Inspired by the bounty found at the Ferry Market in San Francisco, this savory bean spread with local olive oil, balsamic, almonds and lemon was a rare treat for this Northeast locavore.  The raves it garnered at our Saturday night dinner party suggests that it was a treat for some San Franciscans as well. The combination of flavors (fresh green beans, smoky bacon, bitter almonds, tart & brigh lemon) and textures (crisp on the outside, creamy on the inside fried fava beans, chewy bacon, crunchy nuts) made for a wonderfully complex taste; a savory, umami flavor brightened with lemon and balsamic vinegar that was hard to resist. Don’t be intimidated by the double-shuck; search out some fresh favas at your local market and make this one today!


Fresh Favas with Bacon & Almonds


  • 2 lbs fresh fava beans, in the pod
  • 1/2 lb good quality bacon
  • 1/2 of a small red onion, cut to 1/4-inch dice
  • 2 cloves garlic, minced
  • 2 – 3 tbsp olive oil
  • 1 tsp lemon zest, finely minced
  • 1 tbsp lemon juice
  • 1 tbsp balsamic vinegar (I used white balsamic)
  • 1 cup almonds, toasted and coarsely chopped
  • salt and freshly ground black pepper to taste
  • dash or two of cayenne pepper


  1. Bring a large pot of salted water to boil. Meanwhile, shuck the fava beans from their pods by breaking one end of each pod and peeling the string down the center of the pod.  Split the pod down the middle and slide out the beans.  Boil the fava beans until you can see the capsule around the bright green beans start to crack, about 3 – 5 minutes.  Drain and plunge into an ice bath to stop the cooking.  Peel the capsule off of each bean, and pat the favas in a clean kitchen towel to dry.
  2. Cook the bacon in a large saute pan over medium heat unti fat is rendered and bacon is crisp. Drain bacon on paper towels, pouring the bacon grease through a fine sieve into a small bowl.  Lightly wipe the skillet with a paper towel (to remove any blackened bits of bacon). Once cooled, crumble the bacon into bite-sized pieces.
  3. Return bacon grease to the skillet and heat over medium-high heat until shimmering, but not smoking. Add fava beans and fry, stirring occasionally, until beans begin to turn golden and are crispy on the outside, about 10 minutes. Scoop out with a slotted spoon, drain on paper towels and sprinkle with salt and pepper to taste.  Transfer beans to a medium bowl.
  4. Pour off all bacon grease except 1 – 2 tbsp.  Add onions and garlic and saute over medium heat until softened and beginning to brown, about 8 minutes.  Add to favas.  Add remaining ingredients, mix well, taste and adjust seasonings.  Serve warm or at room temperature with crusty baguette slices or crostini.

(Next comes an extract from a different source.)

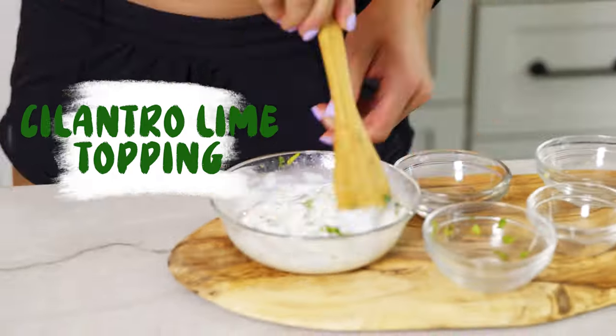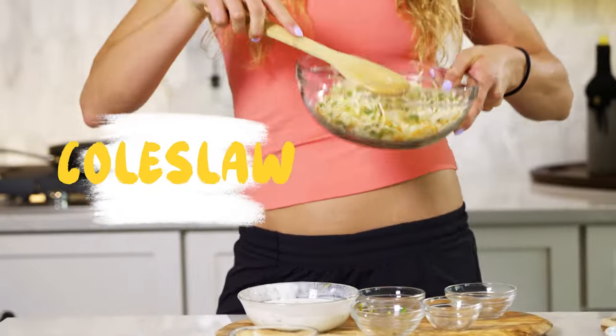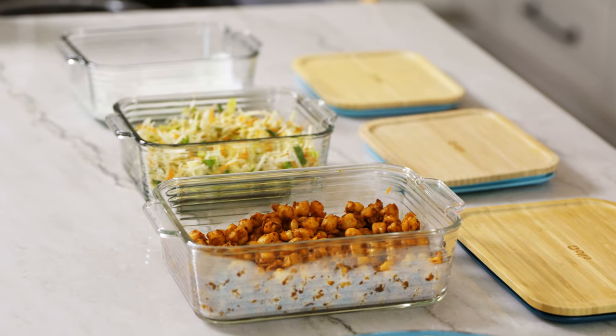Prepare our cilantro lime topping and our cabbage slaw. Here you have your three separate components.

  1. If your bacon does not render enough fat, add some olive oil to the pan to just cover the fava beans for frying.
  2. I think shallots would be a great substitute for the onion (I didn’t have any on hand).
  3. While it would be a different taste, I’d be interested to try this with dried favas as well. 
  4. It’s hard to suggest a vegetarian version here; the bacon is pretty key to the flavor.  You could try frying in olive oil and adding smoked paprika to the spices; if you try a baconless option, please share in comments!

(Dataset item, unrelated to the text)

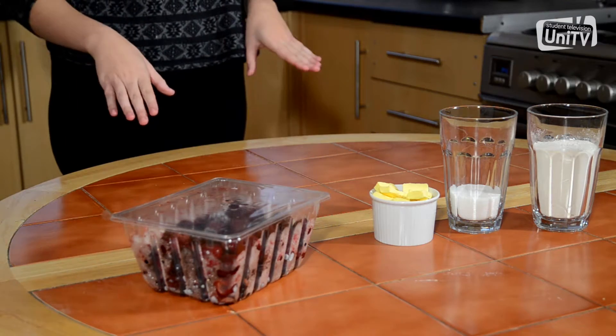Hi, welcome to UniTV Let's Cook. Today we're going to make a berry crumble. It's really easy to make and it's a classic. I hope you enjoy it.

Refrigerated for up to 5 days.


Fresh fava beans are in season in Spring: May in the Bay Area and and June in the Northeast.

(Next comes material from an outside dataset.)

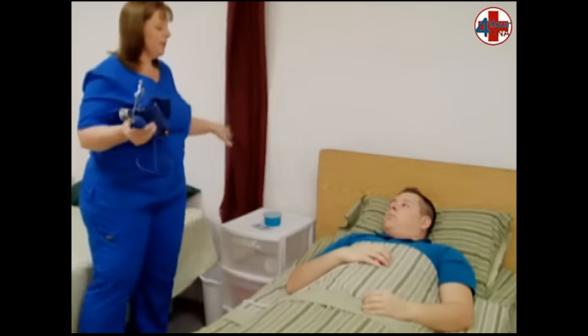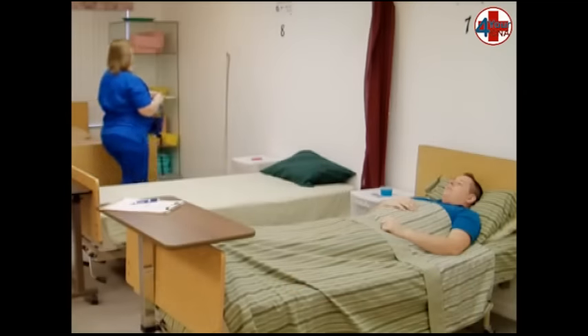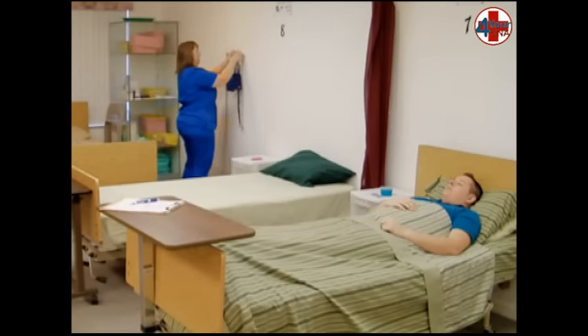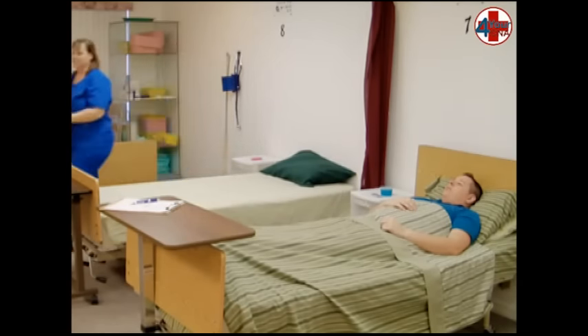Open the privacy curtain, making sure your patient has his call light, and return your equipment to its storage area. Wash your hands.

  1. You can use them in this recipe; just thaw, pat dry, then fry in the bacon grease and follow the recipe from that point. Frozen favas are the fresh green bean, already shucked.

  2. I’m a vegetarian who likes heat … so when I read this recipe, I thought of frying the favas in olive oil with dried chipotle chiles to get a smoky, spicy flavor. Don’t know if that will work (not sure how it will go with the lemon and balsamic), but I’m willing to try it. The fava beans growing in my front yard in the SF Bay Area are about ready to pick (like you say). Thanks so much for sending this idea.

  3. Gloria,

    Sounds fabulous to me, but then I’ll never argue about chipotle. 🙂 You could also try smoked paprika which has a distinctly bacony flavor. Let me know how it turns out!